Story Value

random musings and episodes from the life of a 40 something comidienne/corporate refugee/mom - since whatever doesn't kill you provides excellent story value.

Monday, May 03, 2010

Latte-Intervention

I admit to the guilty pleasure of watching reality TV shows with a sense of smug self-satisfaction.

Whether its the Real Housewives of blankity-blank, Biggest Loser, or Addiction -- I always smile to myself that ... no matter what, I ain't "that bad."

That would be true ... unless they did a reality show on coffee addiction. I didn't realize I was this pathetic.

During two pregnancies, I quit cold turkey without a second thought. Turns out I need a baby on board to do without a cup-o-Jo.

A massive water main break outside Boston means there's no coffee to be had in Bean-town today. Ironic. No latte, no hot, no iced, nada.

I'm not jittery. I'm just plain incoherent and brain-fogged. I am fantasizing about getting myself out-of-town so I can inhale some Java. Pity the slow-moving barista, mama needs her fix!

Friday, April 30, 2010

Parton me, that's inappropriate

When my boys are eager to learn, it lights me up. At heart, I am an educator, driven to share all the wisdom the universe has provided.
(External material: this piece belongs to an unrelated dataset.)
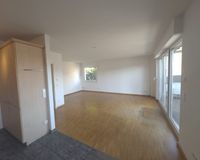 Blick Küche zum Wohnraum 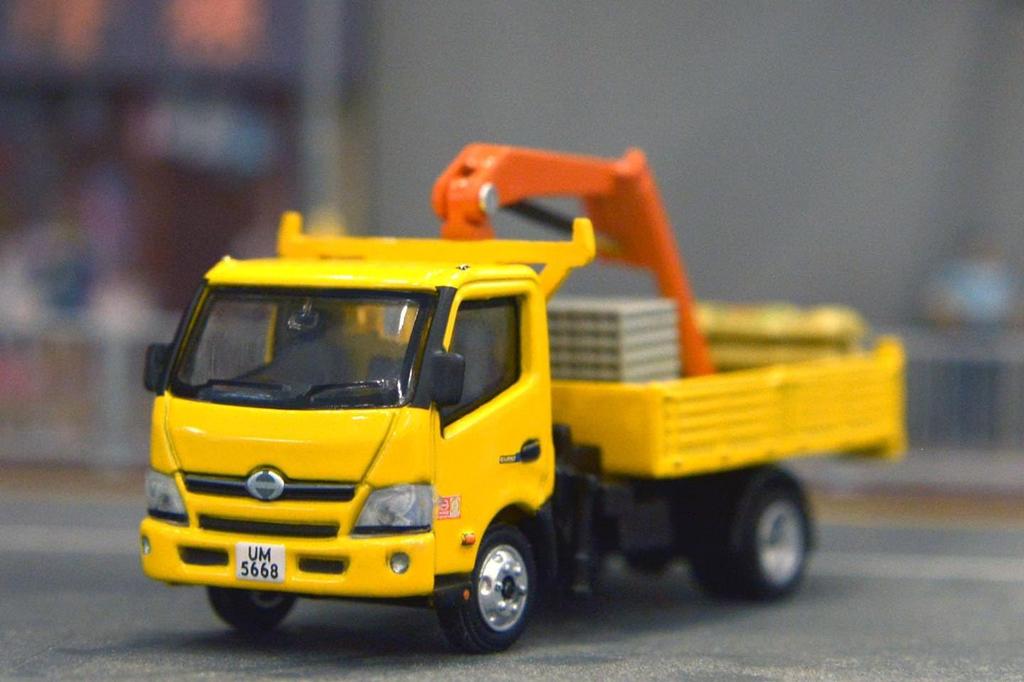 Tiny City Hino 300 Truck with Crane Литой Мини-Автомобиль 1/76 № 170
It warmed my heart when my youngest came to me, cradling a calculator, with earnest desire for knowledge burning bright in his young eyes.

"Mom, can you show me the Dolly Parton thing again?"

I forgot that I had shared this little jewel, once again forgoing appropriateness for the cheap laugh.

"Sure -- Dolly Parton went to a Doctor who was 69 years old and told him her boobs were 222 big."

* A flurry of giggles here* (mostly mine)

"So he gave her 51 pills and told her to take them over 8 days (X8)."

And then she was .....

BOOBLESS

That little ditty has killed with 2nd graders for 30 years. Does anyone even know who Dolly Parton is anymore?

Tuesday, April 27, 2010

It's fashion, baby

I subscribe to several casting call email lists. I'm not sure why. I don't act, and I doubt the Ford Agency is going to launch a search for a "40-something blonde with just the right combo of freckles and wrinkles who can peel a banana with her toes." You never know though. Lately, I've been seeing more specific casting calls, like:
- hair models - especially silver and salt & pepper
- hand models - especially Asian
- and LOTS of calls for baby models

I wonder if there are baby hand models. That casting call would be awesome.
"M'am ... your baby has a face for radio ... but those chubby little knuckles are cherubic. Can you have her hold the Gerber's jar in front of her while covering her head with a blanket?"

I think I'm going to put "baby hand model" on my resume. Who'd know?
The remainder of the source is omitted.